Your Gamma function is inaccurate. 2.5! is 3.323350970. Try it

$$\small{\text{$ 2.5! = \Gamma{(2.5+1)} $ }}$$

$$\small{ \text{ Formula } \boxed{ \begin{array}{lcl} \Gamma{(x+1)} = x\cdot\Gamma{(x)} \\ \Gamma{(\frac12)} = \sqrt{\pi} \end{array} } }$$

$$\small{ \begin{array}{lcl} 2.5!&=& \Gamma{(2.5+1)}\\ &=& 2.5\cdot\Gamma{(2.5)}\\ &=& 2.5\cdot \Gamma{(1.5+1)}\\ &=& 2.5\cdot 1.5\cdot \Gamma{(1.5)}\\ &=& 2.5\cdot 1.5\cdot \Gamma{(\frac12+1)}\\\\ &=& 2.5\cdot 1.5\cdot \frac12 \cdot \Gamma{(\frac12)}\\\\ &=& 2.5\cdot 1.5\cdot \frac12 \cdot \sqrt{\pi}\\\\ &=& 1.875 \cdot \sqrt{\pi} \\ &\approx& 1.875 \cdot 1.77245385091 \\ \mathbf{2.5!} &\mathbf{\approx}& \mathbf{3.32335097045} \end{array} }$$

Thanks for letting us know,

Yes Wolfram|Alpha agrees with your figure of 3.32335...  (maybe that is where you got?)
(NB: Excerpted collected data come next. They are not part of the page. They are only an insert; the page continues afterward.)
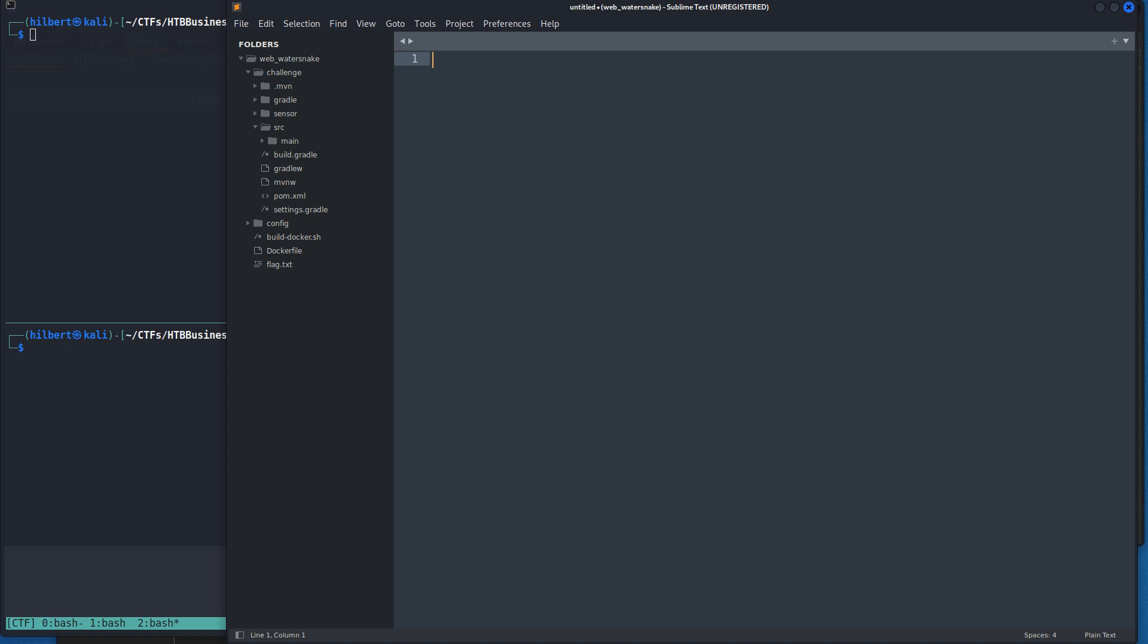Hey everybody, in this video I'm going to be going over the easy web challenge Water Snake from the 2023 Hack the Box Business CTF. Cliff notes if you're just here because you want to know what you're supposed to do: we are going to exploit a deserialization vulnerability in the snake YAML package and use that to get remote code execution and get ourselves the flag that way.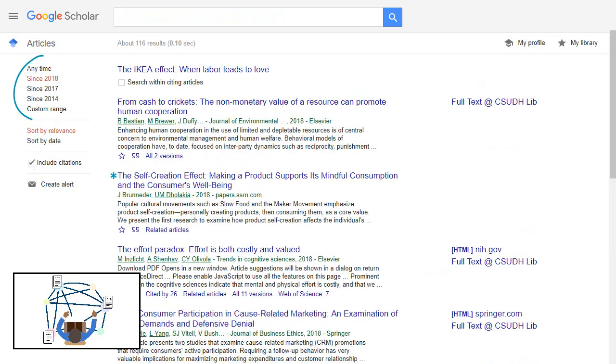You can sort through the results by year or check search within citing articles and add keywords.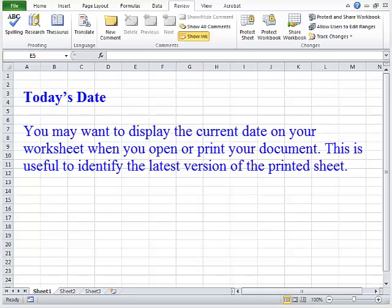Today's Date. You may want to display the current date on your worksheet when you open or print your document. This is useful to identify the latest version of the printed sheet.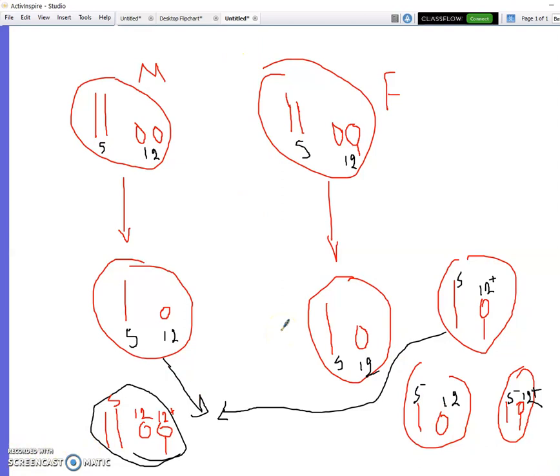In the next video we are going to continue with document 5, which covers prenatal diagnosis — how to diagnose a fetus or embryo before birth to determine if it has any chromosomal abnormality.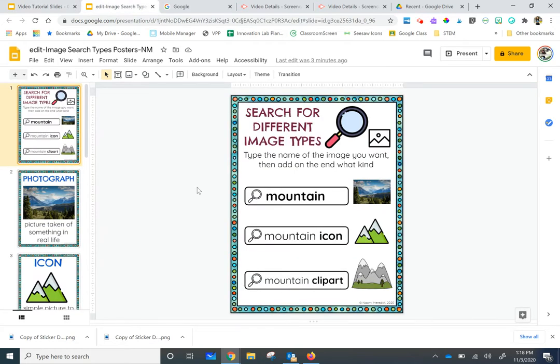Now if I wanted to search for mountains, there are three different ways I can search for mountains and I'm going to get different results for my images.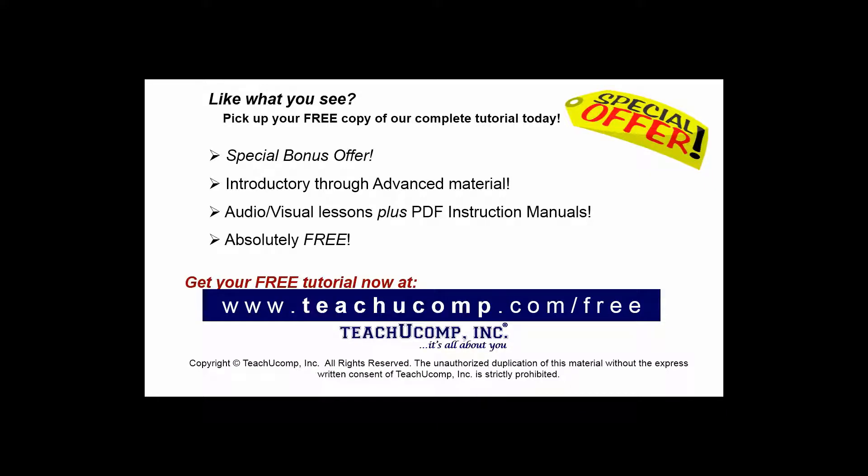Like what you see? Pick up your free copy of the complete tutorial at www.teachucomp.com/free.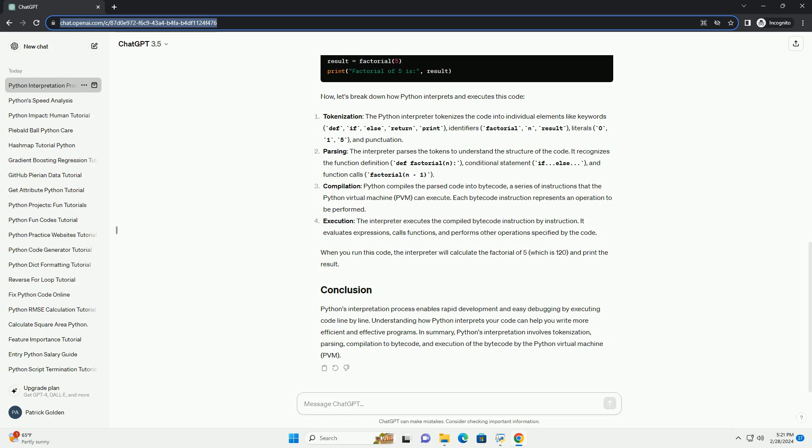Execution: the interpreter executes the bytecode instruction by instruction, performing the desired operations specified by your code. Let's illustrate this process with a simple code example.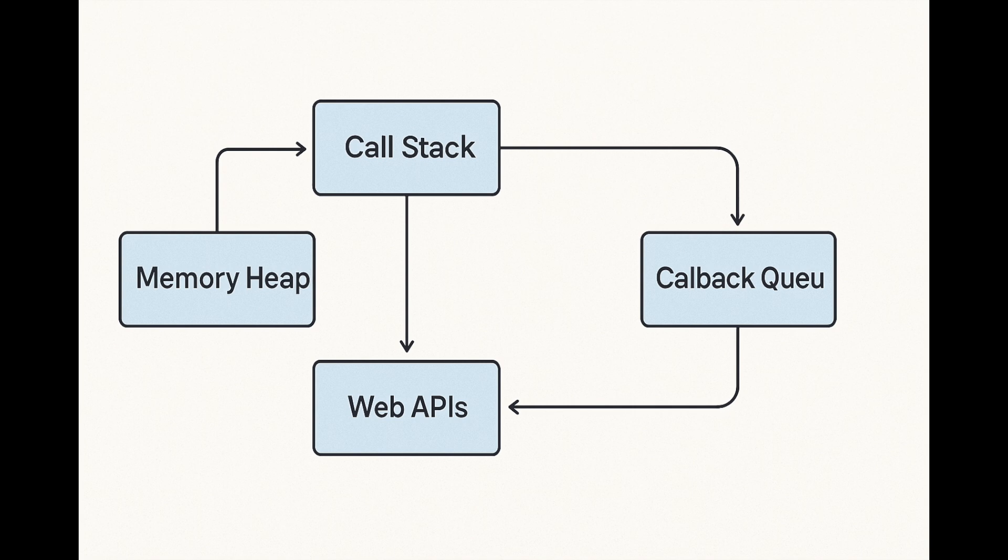Now you understand how JavaScript works under the hood. If you found this helpful, give us a like and subscribe for more AI-powered programming insights.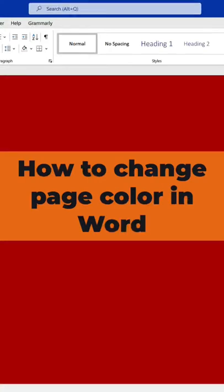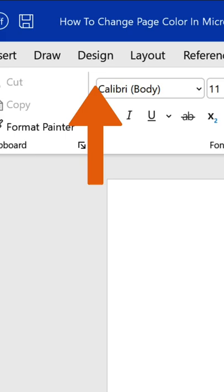How to change the page color in a Microsoft Word document. Navigate to the Design tab in the ribbon. In Page Background, select the Page Color option.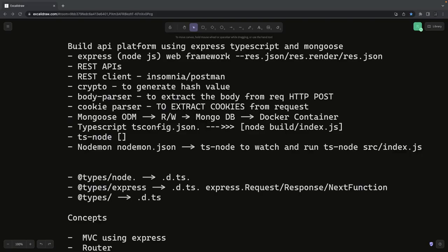Hi everyone, welcome back. In the last video we covered building an API platform using Node.js, Express, TypeScript, and Mongoose. This is another video on top of that where I'm going to build an API platform from scratch using Express, TypeScript, Mongoose, and we are going to write tests and create a production-ready API platform.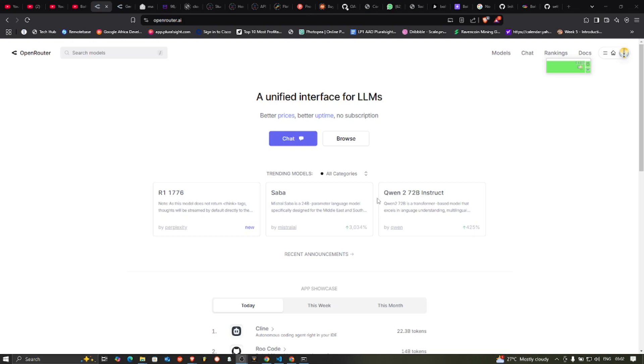Hello guys, welcome to today's tutorial. So today I'm going to be talking about Open Router.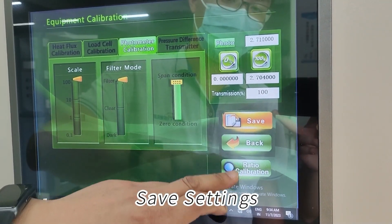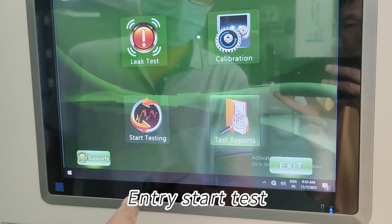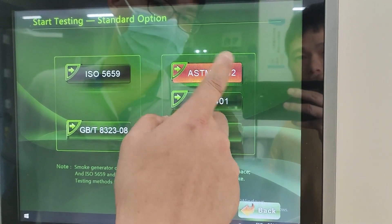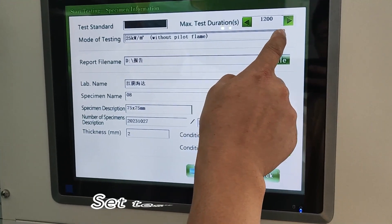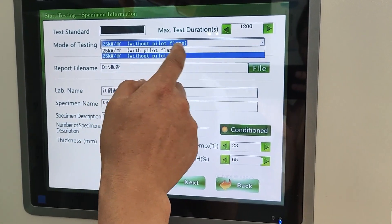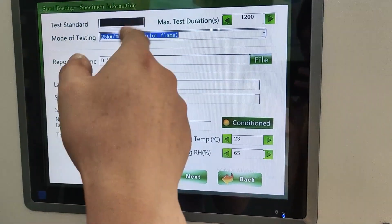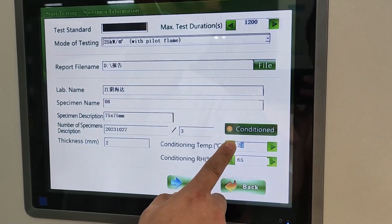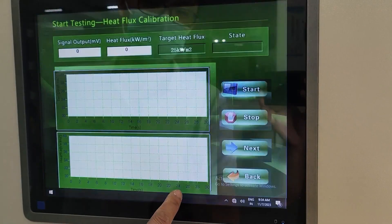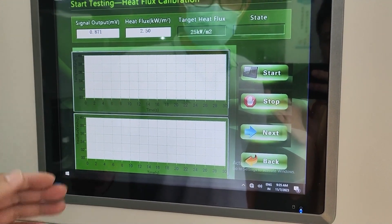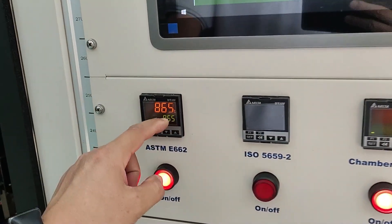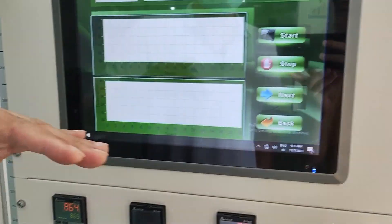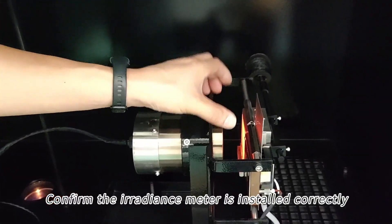Save settings. Enter start test. Select test method. Set test information. Confirm the temperature of the irradiation furnace. Confirm the irradiance meter is installed correctly.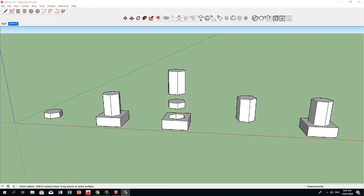The trim is quite similar with subtract. It also uses one solid to cut away part of another solid. The difference is that the trim keeps what's left of both solids.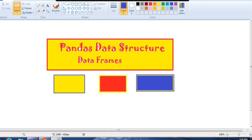Hello everyone. In this video, we are going to talk about Pandas data structure data frames. As you know, last video we discussed about series — how to create a series object, how to apply simple operations, how to access NumPy and Pandas. So in this video, we are going to talk about data frames.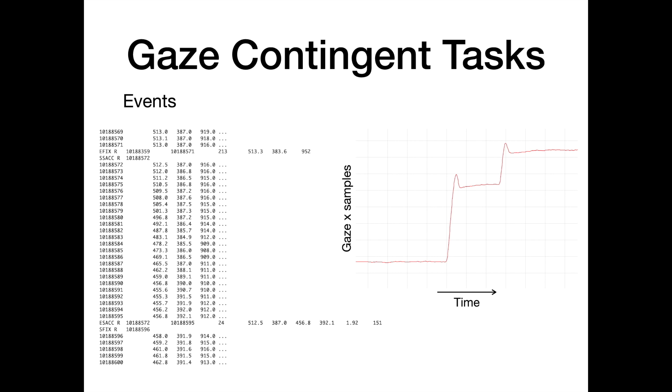Similarly, non-saccade events such as fixations and blinks are also available. For instance, fixations shown here in teal are marked in the data file with an S-FIX, the start of a fixation, and E-FIX, the end of a fixation.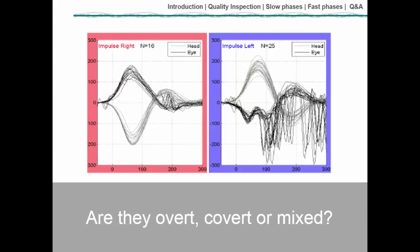Finally, identify whether saccades are overt — occurring after the head movement — or covert — occurring during the head movement. This distinction is useful for physical therapists and vestibular rehabilitation specialists to assess how well the patient is compensating over time, as there is interesting research on how the VOR restores itself and what happens to overt and covert saccades.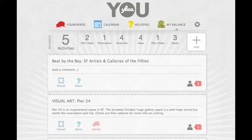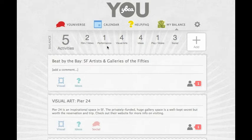Keep an online balance book of all your own arts experiences. The tally shows how many of each type of event you've attended, so you can track your progress in different areas toward your Artistic Immersion Plan.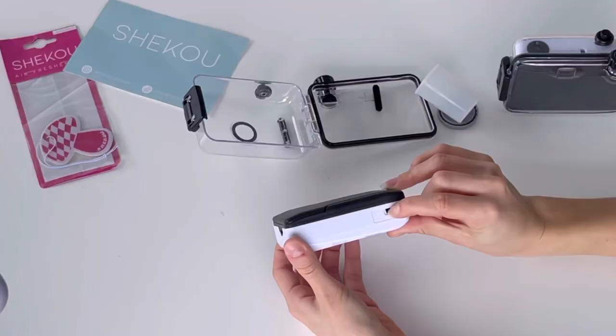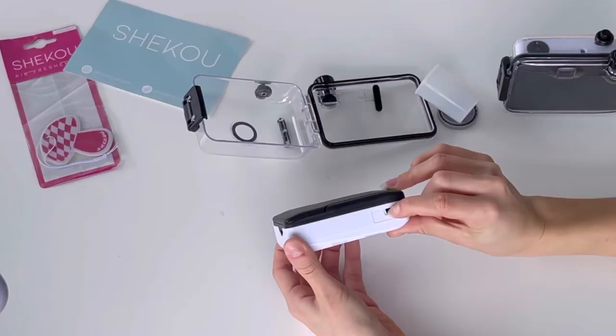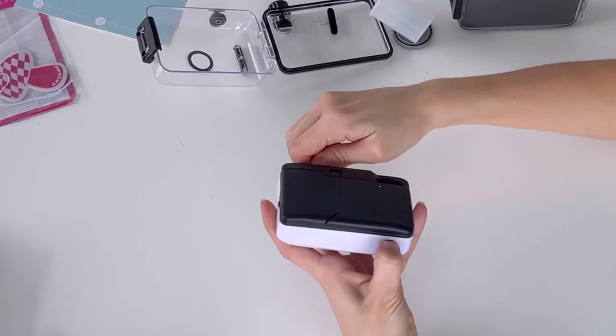Once your roll is done, you need to press down on the rewind release button on the underneath of your camera. When holding this button down, you're going to pull up the handle of the rewind lever and slowly wind until the film runs free.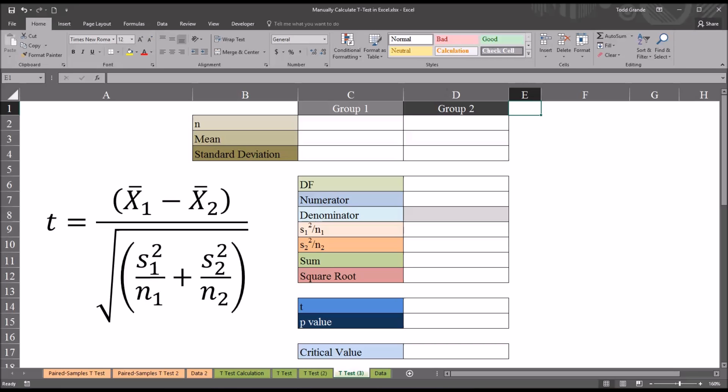Hello, this is Dr. Grande. Welcome to my video on performing a t-test in Excel with only the sample sizes, the means, and the standard deviations from two groups.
http://www.wolframalpha.com/input/?i=2.5%21

web2.0 calc

$${\mathtt{2.5}}{!} = {\mathtt{3.320\: \!382\: \!507\: \!505\: \!424}}$$

I don't know where else to look it up.

It is most likely a rounding error.

I will leave a note for admin.    

Thanks Heureka :)

 It's usually calculated using an Integral of (x^(n-1).e^-x) for all x from 0 to infinity. 1/2 is a special case. The Integral works for any number, i.e. 2.5, 3.123, 11.534....etc.